WGEN-FM
- Monee, Illinois; United States;
- Broadcast area: South Suburban Chicago
- Frequency: 88.9 MHz

Programming
- Format: Eclectic music/Talk

Ownership
- Owner: Wild World Media, Inc.

History
- First air date: November 1, 1995
- Former call signs: WGNR (1995–1998); WMBY (1998); WJCG (1998–2007); WOTW (2007–2013);

Technical information
- Licensing authority: FCC
- Facility ID: 43708
- Class: A
- ERP: 100 watts
- HAAT: 54 meters (177 ft)

Links
- Public license information: Public file; LMS;
- Webcast: Listen live
- Website: wgenradio.org

= WGEN-FM =

Community radio station in Monee, Illinois

WGEN-FM is a non-commercial eclectic music/talk radio station in Monee, Illinois, broadcasting on 88.9 FM. It is owned by Wild World Media, Inc.

==History==
The station began broadcasting November 1, 1995, holding the call sign WGNR, standing for "Good News Radio". It aired a Christian format, as an affiliate of Moody Radio, under the ownership of The Moody Bible Institute of Chicago. In January 1998, the station's call sign was changed to WMBY, and in June 1998, it was changed to WJCG. Its format would remain the same under the new call signs.

===Worship on the Way===
In early 2007, WJCG was acquired by Life On The Way Communications, and the station was temporarily taken silent. In April 2007, the station's call sign was changed to WOTW, and the station returned to the air shortly thereafter as an affiliate of the newly renamed "Worship On THE WAY Radio Network". The station aired Christian talk and teaching programs, with hosts such as Jack Hayford, Woodrow Kroll, Alistair Begg, and David Jeremiah, along with a variety of Christian music.

===My Gen Radio===
In 2013, WOTW was broken off from the simulcast of KTLW along with several translators in the Los Angeles, California area.

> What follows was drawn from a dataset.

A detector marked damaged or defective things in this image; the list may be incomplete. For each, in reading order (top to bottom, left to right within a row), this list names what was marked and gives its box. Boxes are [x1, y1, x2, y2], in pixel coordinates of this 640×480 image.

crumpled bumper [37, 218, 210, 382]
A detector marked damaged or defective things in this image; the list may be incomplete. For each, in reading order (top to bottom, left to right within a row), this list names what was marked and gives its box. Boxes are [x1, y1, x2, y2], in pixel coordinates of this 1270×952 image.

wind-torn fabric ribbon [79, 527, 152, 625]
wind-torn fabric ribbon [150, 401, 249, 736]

WOTW's callsign was changed to WGEN-FM, and "My Gen Radio" was formed, which aired Christian contemporary music, and targeted a younger listening audience than sister network, "Worship On The Way Radio Network". Despite WGEN being located in a southern suburb of Chicago, Illinois, the station was primarily used to feed the 3 translators in Southern California, which was where My Gen Radio's primary target listening audience was located.

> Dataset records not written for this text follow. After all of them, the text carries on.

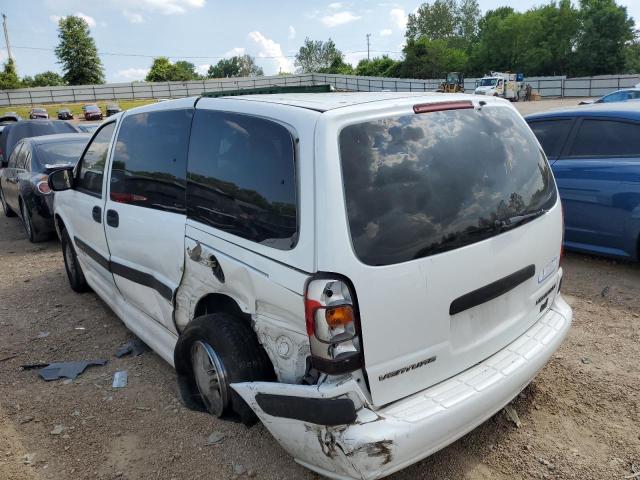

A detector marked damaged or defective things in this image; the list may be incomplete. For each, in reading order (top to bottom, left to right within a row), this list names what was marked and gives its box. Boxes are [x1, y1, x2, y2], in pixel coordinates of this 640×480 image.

dented quarter panel [178, 231, 312, 384]
broken tail light [304, 278, 360, 376]
crumpled bumper [232, 294, 572, 478]
detached bumper piece [232, 296, 572, 480]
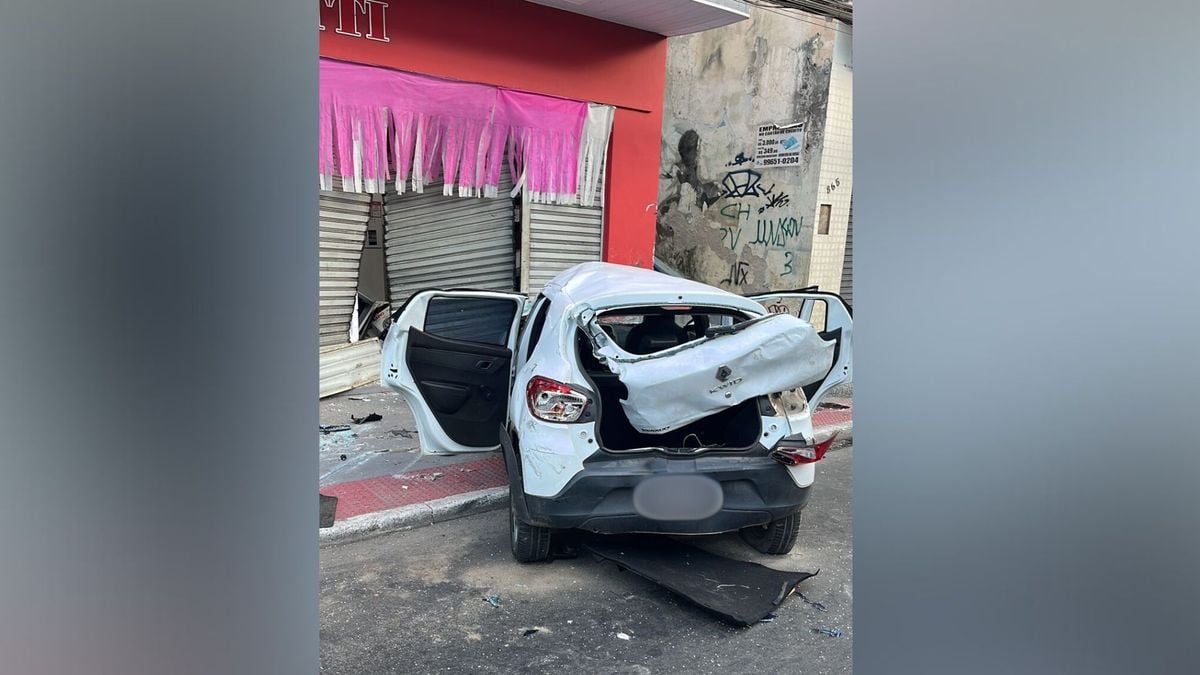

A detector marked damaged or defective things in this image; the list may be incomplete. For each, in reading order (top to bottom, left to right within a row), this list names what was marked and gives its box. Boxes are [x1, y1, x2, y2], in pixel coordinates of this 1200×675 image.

broken shutter section [319, 184, 369, 345]
broken shutter section [384, 164, 516, 300]
broken shutter section [523, 172, 600, 289]
crushed car roof [542, 260, 763, 312]
wrecked white car [379, 260, 849, 559]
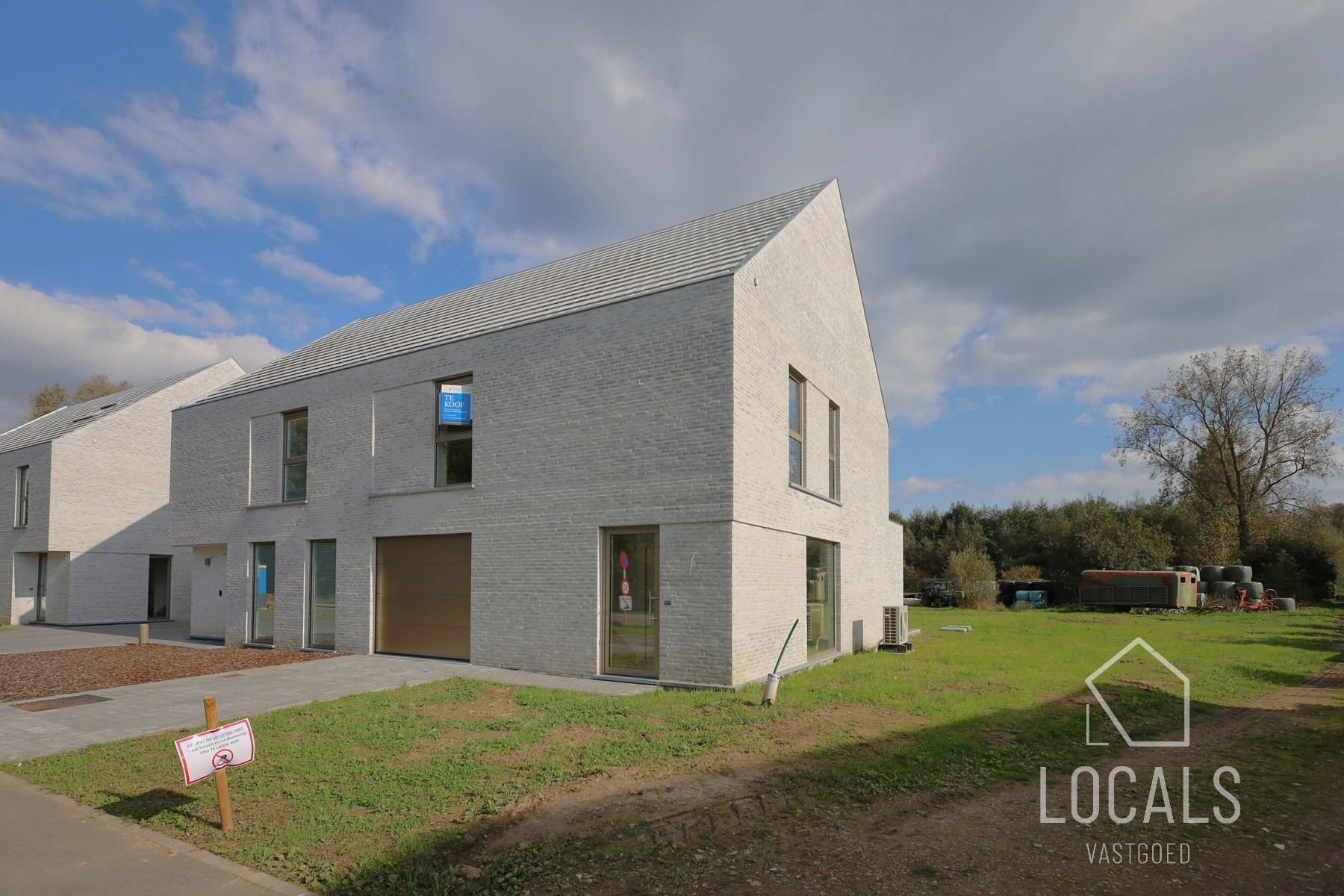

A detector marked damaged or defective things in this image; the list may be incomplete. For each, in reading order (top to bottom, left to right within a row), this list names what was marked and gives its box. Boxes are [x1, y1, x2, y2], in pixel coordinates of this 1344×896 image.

rusty farm trailer [1075, 572, 1204, 612]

In 2015, Life On The Way Communications sold WGEN-FM to Wild World Media, Inc. at a price of $55,000.

==Translators==
WGEN-FM was formerly simulcast on K216EM in Arcadia, California and K216FM in Valley Village, California; these translators were sold to Educational Media Foundation effective December 3, 2015, and began rebroadcasting KYLA Air1 programming.

==Popular culture==
Fictional radio station WOTW is prominently featured in the 2019 science fiction film The Vast of Night.